Gate oxide의 특성은 세정공정에서 사용된 last세정용액에 큰 영향을 받는다. Standard RCA, HF-last, SCI-last, and HF-only 공정들은 gate oxidation하기 전 본 실험에서 행해진 세정공정들이다. 세정공정을 마친 Si기판들은 oxidation furnace에서 $900^{\circ}C$로 thermal oxidation공정을 거치게 된다. 100$\AA$의 gate oxide를 성장시킨 후 lifetime detector, VPD, AAS, SIMS, TEM, 그리고 AFM고 같은 분석장비를 이용하여 oxide의 특성을 평가했다. HF-last와 HF-only 공정에 의해 금속 불순물들이 매우 효과적으로 제거됐음을 알 수 있었다. Oxide의 표면 및 계면 형상은AFM과 TEM 측정을 통하여 관찰하였다. 표면거칠기는 SCI 세정용액을 사용한 splits 실험에서 불균일함이 관찰되었고 HF-only세정공정을 거친 시편 및 계면이 가장 smooth했다.
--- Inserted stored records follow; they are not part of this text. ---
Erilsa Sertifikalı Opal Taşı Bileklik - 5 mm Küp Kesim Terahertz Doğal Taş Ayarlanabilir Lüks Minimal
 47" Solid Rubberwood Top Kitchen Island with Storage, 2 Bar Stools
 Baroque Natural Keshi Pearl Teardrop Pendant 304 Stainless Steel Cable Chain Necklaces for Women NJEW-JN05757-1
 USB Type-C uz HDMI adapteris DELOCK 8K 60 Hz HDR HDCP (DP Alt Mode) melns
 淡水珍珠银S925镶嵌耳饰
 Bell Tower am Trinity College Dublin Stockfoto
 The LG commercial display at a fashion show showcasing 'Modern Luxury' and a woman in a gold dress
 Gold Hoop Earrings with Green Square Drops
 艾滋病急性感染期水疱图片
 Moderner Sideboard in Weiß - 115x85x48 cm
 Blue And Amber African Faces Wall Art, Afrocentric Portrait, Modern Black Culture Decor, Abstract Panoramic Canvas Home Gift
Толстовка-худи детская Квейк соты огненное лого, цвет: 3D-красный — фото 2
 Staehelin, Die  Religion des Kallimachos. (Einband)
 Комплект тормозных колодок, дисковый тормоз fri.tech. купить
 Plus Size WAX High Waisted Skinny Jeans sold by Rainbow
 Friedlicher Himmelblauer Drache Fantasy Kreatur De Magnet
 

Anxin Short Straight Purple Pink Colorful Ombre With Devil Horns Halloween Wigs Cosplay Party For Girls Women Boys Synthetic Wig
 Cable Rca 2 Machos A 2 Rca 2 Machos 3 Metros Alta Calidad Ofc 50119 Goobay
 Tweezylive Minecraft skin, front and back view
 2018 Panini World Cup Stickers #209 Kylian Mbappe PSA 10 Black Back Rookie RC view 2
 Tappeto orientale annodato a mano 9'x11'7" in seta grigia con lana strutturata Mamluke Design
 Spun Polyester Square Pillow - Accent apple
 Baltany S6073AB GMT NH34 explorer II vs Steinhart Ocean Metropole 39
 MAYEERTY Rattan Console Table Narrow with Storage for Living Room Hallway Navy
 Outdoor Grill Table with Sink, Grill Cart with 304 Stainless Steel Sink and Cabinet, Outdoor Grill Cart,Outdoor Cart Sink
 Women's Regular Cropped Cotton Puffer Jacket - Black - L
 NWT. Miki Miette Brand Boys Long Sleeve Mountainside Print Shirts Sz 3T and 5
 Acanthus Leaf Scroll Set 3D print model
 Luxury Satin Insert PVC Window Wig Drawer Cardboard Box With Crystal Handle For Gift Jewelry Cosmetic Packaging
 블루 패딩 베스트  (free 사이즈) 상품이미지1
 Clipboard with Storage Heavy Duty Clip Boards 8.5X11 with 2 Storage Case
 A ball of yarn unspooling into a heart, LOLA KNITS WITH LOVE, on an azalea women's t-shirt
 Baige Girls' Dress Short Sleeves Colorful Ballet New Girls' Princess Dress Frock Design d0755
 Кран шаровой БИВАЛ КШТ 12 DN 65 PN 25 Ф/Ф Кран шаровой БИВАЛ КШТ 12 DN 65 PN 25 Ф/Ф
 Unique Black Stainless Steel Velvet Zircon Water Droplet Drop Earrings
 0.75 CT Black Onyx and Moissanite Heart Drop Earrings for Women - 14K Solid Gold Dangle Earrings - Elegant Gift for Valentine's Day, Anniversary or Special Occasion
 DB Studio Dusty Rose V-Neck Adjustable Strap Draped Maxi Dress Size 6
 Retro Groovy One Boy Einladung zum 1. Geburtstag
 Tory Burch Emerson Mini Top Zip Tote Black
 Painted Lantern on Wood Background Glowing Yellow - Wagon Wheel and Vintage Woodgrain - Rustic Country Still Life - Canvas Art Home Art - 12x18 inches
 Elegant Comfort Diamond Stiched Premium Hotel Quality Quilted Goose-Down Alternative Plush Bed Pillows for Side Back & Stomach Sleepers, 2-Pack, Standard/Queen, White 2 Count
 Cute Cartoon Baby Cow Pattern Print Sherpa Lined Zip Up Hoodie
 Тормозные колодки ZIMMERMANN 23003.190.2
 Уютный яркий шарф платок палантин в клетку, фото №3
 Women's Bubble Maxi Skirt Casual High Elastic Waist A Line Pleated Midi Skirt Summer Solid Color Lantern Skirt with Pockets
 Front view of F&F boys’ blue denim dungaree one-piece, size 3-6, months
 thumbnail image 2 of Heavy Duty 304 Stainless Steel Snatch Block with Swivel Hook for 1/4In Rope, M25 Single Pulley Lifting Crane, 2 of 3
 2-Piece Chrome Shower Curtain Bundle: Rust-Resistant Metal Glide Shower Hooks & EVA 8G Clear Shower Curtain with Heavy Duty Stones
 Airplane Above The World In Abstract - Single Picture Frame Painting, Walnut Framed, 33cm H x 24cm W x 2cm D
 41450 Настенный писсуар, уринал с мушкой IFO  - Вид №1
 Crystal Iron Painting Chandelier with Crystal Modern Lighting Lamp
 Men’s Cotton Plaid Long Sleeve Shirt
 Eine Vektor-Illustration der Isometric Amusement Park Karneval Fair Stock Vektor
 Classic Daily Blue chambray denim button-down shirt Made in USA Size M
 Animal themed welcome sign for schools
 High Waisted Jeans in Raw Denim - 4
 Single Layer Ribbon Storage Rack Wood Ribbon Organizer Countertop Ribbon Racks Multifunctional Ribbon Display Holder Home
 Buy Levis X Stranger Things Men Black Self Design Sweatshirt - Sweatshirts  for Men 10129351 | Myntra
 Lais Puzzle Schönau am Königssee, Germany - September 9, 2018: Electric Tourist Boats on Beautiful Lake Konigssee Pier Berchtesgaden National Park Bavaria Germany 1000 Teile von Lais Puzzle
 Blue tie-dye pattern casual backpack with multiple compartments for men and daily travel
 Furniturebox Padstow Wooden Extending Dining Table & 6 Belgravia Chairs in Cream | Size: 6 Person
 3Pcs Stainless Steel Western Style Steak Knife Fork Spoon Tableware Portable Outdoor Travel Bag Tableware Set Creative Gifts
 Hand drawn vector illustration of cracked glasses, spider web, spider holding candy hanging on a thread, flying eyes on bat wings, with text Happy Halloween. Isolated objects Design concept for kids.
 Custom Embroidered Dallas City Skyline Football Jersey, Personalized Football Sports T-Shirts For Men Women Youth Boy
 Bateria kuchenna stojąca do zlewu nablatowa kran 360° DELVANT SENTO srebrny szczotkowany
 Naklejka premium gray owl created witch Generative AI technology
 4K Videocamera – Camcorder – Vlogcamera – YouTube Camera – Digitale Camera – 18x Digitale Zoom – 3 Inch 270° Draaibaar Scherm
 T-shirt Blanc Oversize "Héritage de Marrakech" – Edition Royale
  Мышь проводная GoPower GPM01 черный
The characteristics of gate oxide significantly depend on the last chemical solution used in cleaning process. The standard RCA, HF-last, SC1-last, and HF-only processes are the pre-gate oxide cleaning processes utilized in this experiment. Cleaning process was followed by thermal oxidation in oxidation furnace at $900^{\circ}C$. A 100$\AA$ gate oxide was grown and characterized with using lifetime detector, VPD AAS, SIMS, TEM, and AFM. The results of HF-last and HF-only were shown to be very effective to remove the metallic impurities. And these two splits also showed long minority carrier lifetimes. The surface and interface morphologies of the oxide were examined with AFM and TEM. The rough surface morphologies were observed with the cleaning splits containing the SC1 solution. The smooth surface and interface was observed with the HF-only cleaning process.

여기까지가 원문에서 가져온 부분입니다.